Mais l’humour c’est comme la musique ou les petits plats mijotés une question de goût, celle du « bon » goût qui peut devenir le goût bourgeois ou subversif selon la perspective. Car enfin, quelle est la nature de cet ingrédient de la communication ? La recherche de l’hilarité en est un élément dont la manifestation ultime est cette réaction nerveuse du rire, rire qui enjolive la vie mais qui peut aussi faire très mal : qui n’en a pas fait l’expérience pendant l’enfance oú l’absence justement de codes de politesse, ce vernis hypocrite pour certains, permet toutes les remarques blessantes ? De même l’image de soi projetée se voit-elle narcissiquement renforcée  lorsque les qualités oratoires se voient récompensées par des rires qui agrémentent le discours. Quant á l’effet blessant parfois obtenu en cas de dérision, il est préférable ne pas l’inclure comme caractéristique à moins de se placer dans une perspective misanthropique.  

Humour et libre expression ne font donc pas bon ménage, cela est particulièrement manifeste lorsque les sujets ainsi taclés se voient brutalement instrumentalisés comme ce fut le cas des caricatures de Charlie Hebdo ou des représentations de Dieudonné : opération de diversion des problèmes de fond, notoriété et beaucoup d’argent pour maintes personnes impliquées à divers titres. De là à dire qu’il s’agit d’une industrie de plus il y a un pas que certains n’osent franchir mais qui s’impose si l’on se lance dans une étude de marché : le marchandisage en use et en abuse pour écouler ses produits et doper le PIB. Cela conduit parfois à de douloureuses révisions de la nature humoristique des campagnes publicitaires, pensons á la disparition du célèbre profil humain de Banania (pour les plus jeunes, un homme noir caricaturé emblème de la marque de chocolat).

On ne badine pas avec l’humour, oser s’en prendre à la libre expression c’est prendre le risque de se voir qualifié de sbire de la police de la pensée ou de pourfendeur de la laïcité. Mais n’y aurait-il pas deux poids deux mesures si l’on compare le traitement réservé aux caricatures de Charlie hebdo sur Allah et les prestations de l’humoriste censuré sur les Juifs ? Dans les deux cas cependant, des croyants se sentent offensés et cet argument est balayé par l’affirmation que l’on peut/doit rire de tout et que les athées eux aussi admettraient faire l’objet de blagues ou de caricatures. Il semblerait cependant que les religieux ne ressentent pas le besoin de se moquer de ces derniers : nous-même, agnostique en contexte fortement catholique n’avons jamais fait l’objet de la moindre allusion à notre absence de foi dont nous ne faisons pas mystère. De même l’humour du fil de discussion sur le drame de l’Oklahoma oú un condamné à mort est décédé après une longue agonie administrée est certes noir mais en décalage total avec l’indignation soulevée par de tels faits.

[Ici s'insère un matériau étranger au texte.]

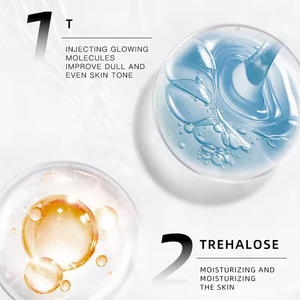 Logo vegano personalizzato di bellezza di lusso coreano sbiancante per la pelle idratante maschera per il viso - Product Image 4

Polir son discours pour rester poli et attendre un traitement réciproque serait donc participer à la répression de la police de la pensée, limiter l’envol créatif de la parole. Possible. Mais laisser libre cours à l’enjouement fait forcément des victimes surtout si l’on met un point d’honneur à viser « juste », c’est à dire là oú cela fait le plus mal. Des pincettes donc même pour les pince-sans-rire et des chaussettes pour les crevettes.